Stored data
━━━━━━━━━━━━━━━━
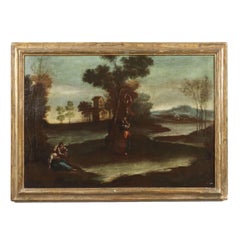 Peinture Paysage avec figures, 18e siècle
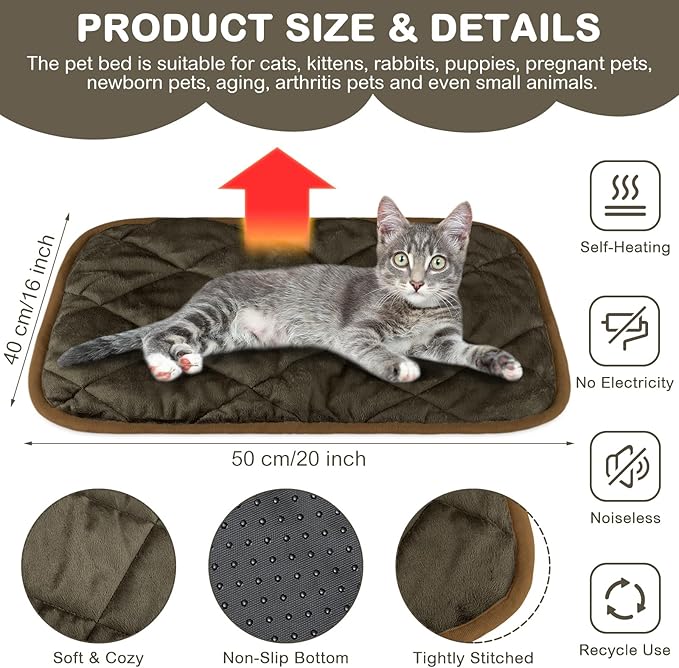 Clysee 2 Pack Self Heating Cat Mat Self Warming Pet Pads Washable Kennel Mat Dog Crate Pad Reflects Body Heat Non Skid Cat Thermal Pads for Puppy Indoor Outdoor(Brown,16 x 20 Inches)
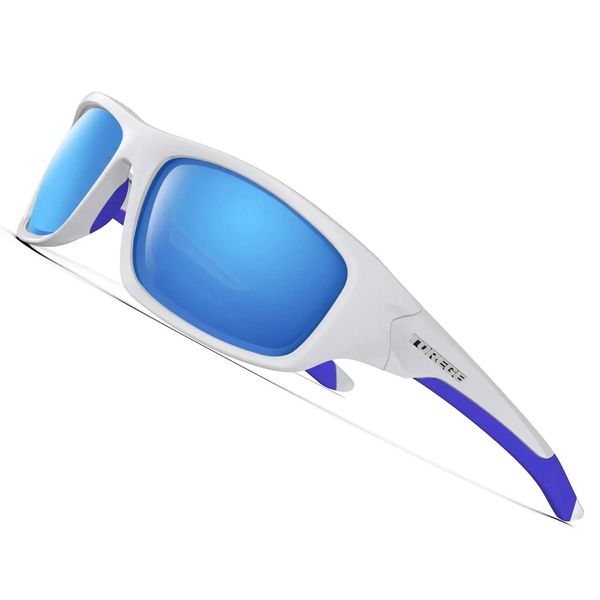 Occhiali TOREGE Occhiali da sole sportivi polarizzati per uomo Donna Ciclismo Corsa Pesca Golf TR90 Cornice infrangibile TR011 Bianco Blu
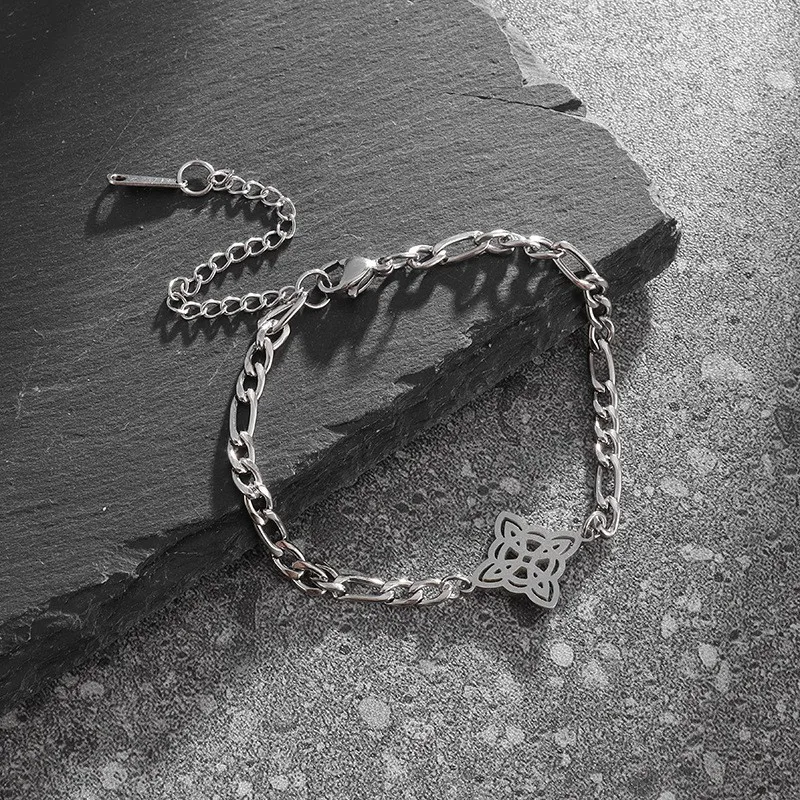 Witchcraft Irish Celtic Knot Charms Bracelets Stainless Steel Witch Knot Chain Bracelet Women Men Vintage Love Jewelry Gifts - view 3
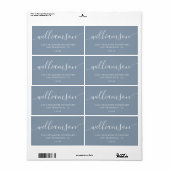 Dusty Blue Modern Script-Rücksendeadresse (Vorne)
━━━━━━━━━━━━━━━━
Nothing but the lines from the line containing "Witchcraft Irish Celtic" through the end of the data, both ends included, is to be reproduced, exactly as written and without the pictures.

RESPONSE FOR THIS EXERCISE =
 Witchcraft Irish Celtic Knot Charms Bracelets Stainless Steel Witch Knot Chain Bracelet Women Men Vintage Love Jewelry Gifts - view 3
 Dusty Blue Modern Script-Rücksendeadresse (Vorne)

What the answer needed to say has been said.